Recent evidence from case reports suggests that a ketogenic diet may be effective for bipolar disorder. However, no clinical trials have been conducted to date.
To assess the recruitment and feasibility of a ketogenic diet intervention in bipolar disorder.
Euthymic individuals with bipolar disorder were recruited to a 6–8 week trial of a modified ketogenic diet, and a range of clinical, economic and functional outcome measures were assessed. Study registration number: ISRCTN61613198.
Of 27 recruited participants, 26 commenced and 20 completed the modified ketogenic diet for 6–8 weeks. The outcomes data-set was 95% complete for daily ketone measures, 95% complete for daily glucose measures and 95% complete for daily ecological momentary assessment of symptoms during the intervention period. Mean daily blood ketone readings were 1.3 mmol/L (s.d. = 0.77, median = 1.1) during the intervention period, and 91% of all readings indicated ketosis, suggesting a high degree of adherence to the diet. Over 91% of daily blood glucose readings were within normal range, with 9% indicating mild hypoglycaemia. Eleven minor adverse events were recorded, including fatigue, constipation, drowsiness and hunger.
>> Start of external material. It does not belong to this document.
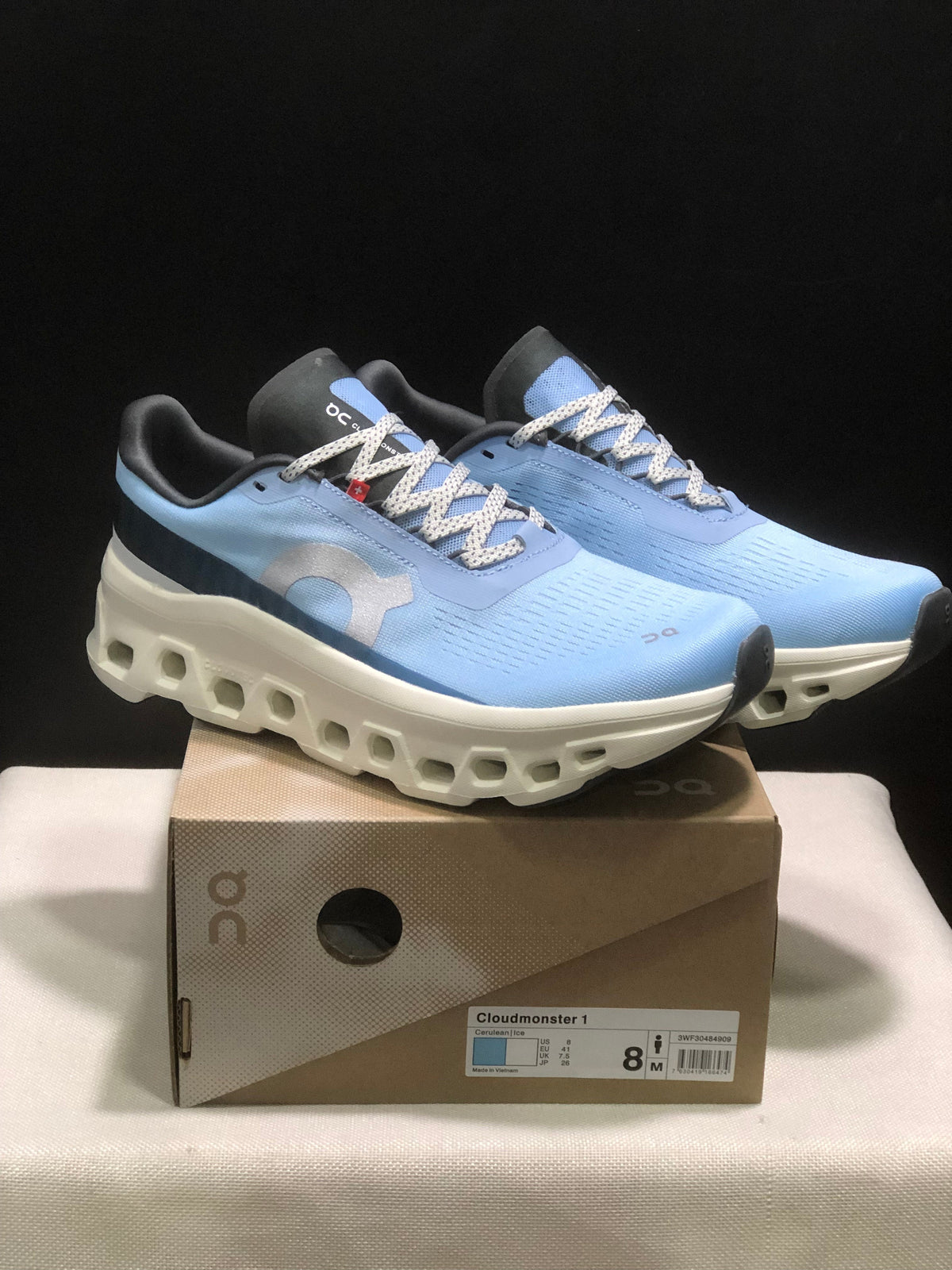 On Cloudmonster 1 Running Sneakers Blue and White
One serious adverse event was reported (euglycemic ketoacidosis in a participant taking SGLT2-inhibitor medication).
The recruitment and retention of euthymic individuals with bipolar disorder to a 6–8 week ketogenic diet intervention was feasible, with high completion rates for outcome measures. The majority of participants reached and maintained ketosis, and adverse events were generally mild and modifiable. A future randomised controlled trial is now warranted.